Amazon's Cloud Outage Offers Lessons for the Enterprise


"We recommend spreading your services across separate cloud vendors to provide the best protection from disasters," said technology consultant Damian Bramanis. "Ultimately, staying safe in the cloud is a matter of trust. It's important to trust your cloud vendor at the best of times, but it's critical in the face of major problems."


It wasn't the first time Amazon Web Services saw outages -- and it probably won't be the last. Amazon's cloud service saw outages on the East Coast on Monday. Popular sites like Pinterest, Reddit, FastCompany and Flipboard went dark.


Could this give cloud computing a black eye? Or just Amazon's service? And why do the outages keep occurring? There are yet more questions than answers but analysts are weighing in on what the latest outage, which the hacker group Anonymous is taking credit for, means for the cloud.


Zeus Kerravala, principal analyst at ZK Research, told us the outage may give Amazon's customers cause for concern.


"As long as they've been selling cloud, you would think they would be one of the more stable cloud services," Kerravala said. "If Amazon is going to invest anywhere, they should invest to make sure this doesn't happen again."

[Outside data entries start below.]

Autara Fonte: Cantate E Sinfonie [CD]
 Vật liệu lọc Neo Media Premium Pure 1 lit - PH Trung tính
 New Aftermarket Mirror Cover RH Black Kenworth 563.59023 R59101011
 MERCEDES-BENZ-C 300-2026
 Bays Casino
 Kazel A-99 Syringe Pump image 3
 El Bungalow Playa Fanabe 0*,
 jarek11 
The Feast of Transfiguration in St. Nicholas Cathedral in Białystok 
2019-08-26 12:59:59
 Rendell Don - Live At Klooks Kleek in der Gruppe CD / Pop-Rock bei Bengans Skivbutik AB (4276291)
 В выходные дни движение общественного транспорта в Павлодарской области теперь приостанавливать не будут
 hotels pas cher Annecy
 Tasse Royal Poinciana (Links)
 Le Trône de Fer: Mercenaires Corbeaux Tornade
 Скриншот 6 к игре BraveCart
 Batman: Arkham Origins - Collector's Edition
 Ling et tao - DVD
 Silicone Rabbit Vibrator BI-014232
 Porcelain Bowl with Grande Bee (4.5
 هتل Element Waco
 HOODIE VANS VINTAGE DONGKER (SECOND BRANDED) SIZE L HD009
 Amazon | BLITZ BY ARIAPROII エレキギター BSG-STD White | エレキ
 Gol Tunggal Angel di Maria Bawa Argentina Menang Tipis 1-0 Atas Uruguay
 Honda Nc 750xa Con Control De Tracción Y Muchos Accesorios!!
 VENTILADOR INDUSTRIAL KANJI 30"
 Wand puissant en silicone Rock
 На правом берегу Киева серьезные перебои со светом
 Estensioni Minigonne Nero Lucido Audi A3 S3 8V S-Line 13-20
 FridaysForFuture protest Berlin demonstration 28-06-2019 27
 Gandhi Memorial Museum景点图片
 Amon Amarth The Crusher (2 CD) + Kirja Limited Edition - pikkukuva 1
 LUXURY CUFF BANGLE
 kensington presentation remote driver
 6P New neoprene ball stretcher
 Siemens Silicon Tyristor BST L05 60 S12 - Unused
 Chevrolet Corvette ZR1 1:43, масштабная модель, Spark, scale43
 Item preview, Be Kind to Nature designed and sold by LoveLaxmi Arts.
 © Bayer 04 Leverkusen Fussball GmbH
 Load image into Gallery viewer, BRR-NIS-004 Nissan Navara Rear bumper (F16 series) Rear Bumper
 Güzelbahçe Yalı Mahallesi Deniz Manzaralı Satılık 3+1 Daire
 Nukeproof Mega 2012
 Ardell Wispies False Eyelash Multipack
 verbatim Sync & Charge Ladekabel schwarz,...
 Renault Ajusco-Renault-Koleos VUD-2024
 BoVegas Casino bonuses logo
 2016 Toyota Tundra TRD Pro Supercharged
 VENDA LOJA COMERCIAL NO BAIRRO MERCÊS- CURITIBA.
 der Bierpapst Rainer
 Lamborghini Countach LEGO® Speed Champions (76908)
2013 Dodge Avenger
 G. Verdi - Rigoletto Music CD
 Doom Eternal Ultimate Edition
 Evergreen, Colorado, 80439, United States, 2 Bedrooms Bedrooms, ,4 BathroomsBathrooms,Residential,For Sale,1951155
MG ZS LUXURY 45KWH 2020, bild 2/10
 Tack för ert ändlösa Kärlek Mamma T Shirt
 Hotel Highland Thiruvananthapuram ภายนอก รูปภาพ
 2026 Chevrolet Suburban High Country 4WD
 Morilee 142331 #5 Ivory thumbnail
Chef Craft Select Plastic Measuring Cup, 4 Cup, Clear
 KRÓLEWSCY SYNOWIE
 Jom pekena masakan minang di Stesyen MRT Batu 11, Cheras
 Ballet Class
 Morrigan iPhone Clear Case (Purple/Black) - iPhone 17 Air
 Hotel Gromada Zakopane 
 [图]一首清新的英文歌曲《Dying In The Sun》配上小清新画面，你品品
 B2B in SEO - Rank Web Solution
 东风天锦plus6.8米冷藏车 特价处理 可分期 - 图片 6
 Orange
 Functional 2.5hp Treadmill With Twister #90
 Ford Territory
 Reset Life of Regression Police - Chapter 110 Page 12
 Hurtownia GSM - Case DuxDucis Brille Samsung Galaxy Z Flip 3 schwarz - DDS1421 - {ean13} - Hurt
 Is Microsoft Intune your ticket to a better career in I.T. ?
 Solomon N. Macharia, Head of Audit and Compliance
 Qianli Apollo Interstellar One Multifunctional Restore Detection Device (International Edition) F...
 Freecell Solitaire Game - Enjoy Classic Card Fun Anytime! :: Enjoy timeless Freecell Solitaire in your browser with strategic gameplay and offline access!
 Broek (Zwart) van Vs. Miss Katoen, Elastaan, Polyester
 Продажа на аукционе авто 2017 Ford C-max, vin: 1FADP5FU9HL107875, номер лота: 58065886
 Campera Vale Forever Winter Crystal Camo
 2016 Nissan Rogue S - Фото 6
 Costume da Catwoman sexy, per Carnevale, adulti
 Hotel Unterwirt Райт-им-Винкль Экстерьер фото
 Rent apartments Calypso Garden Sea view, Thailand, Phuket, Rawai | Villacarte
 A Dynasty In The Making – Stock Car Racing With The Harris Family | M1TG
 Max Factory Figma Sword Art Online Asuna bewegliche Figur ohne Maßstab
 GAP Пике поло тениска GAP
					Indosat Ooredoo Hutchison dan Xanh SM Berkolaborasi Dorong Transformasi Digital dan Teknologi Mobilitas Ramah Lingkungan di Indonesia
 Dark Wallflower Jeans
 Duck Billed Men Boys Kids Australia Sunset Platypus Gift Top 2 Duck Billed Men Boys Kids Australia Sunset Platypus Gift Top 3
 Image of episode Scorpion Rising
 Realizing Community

Cloud Services Best Practices


Damian Bramanis, director of Advisory Services at Sentinus.com.au, said businesses need to use best practices for cloud services in order to avoid outages like the one Amazon just suffered. That, he said, means not putting all of your eggs in one basket, so cloud disasters don't become your disaster.


As he sees it, many cloud services can cope with failures by spreading the service across different data centers and availability zones. Businesses that followed this best practice model would have seen their operations continue despite the Amazon disruption.


"We recommend spreading your services across separate cloud vendors to provide the best protection from disasters," Bramanis said. "Ultimately, staying safe in the cloud is a matter of trust. It's important to trust your cloud vendor at the best of times, but it's critical in the face of major problems."


Fast Reactions to Outages


Quality of service is one of the top barriers to adopting cloud services for any companies, Sentinus.com.au reports. Bramanis said he's seeing businesses rate quality of service as the second-most important issue for cloud computing. The first is data security .


The good news is, cloud provider outages are typically handled swiftly. Reaction times have been promising, Bramanis said, and vendors are not only working hard to fix the problems, they're keeping customers informed with regular updates.


Kerravala said the flexibility an enterprise gains with the cloud outweighs the loss of control, "assuming that those outages are minimized. That makes the cloud provider you use very important. They are not all created equal."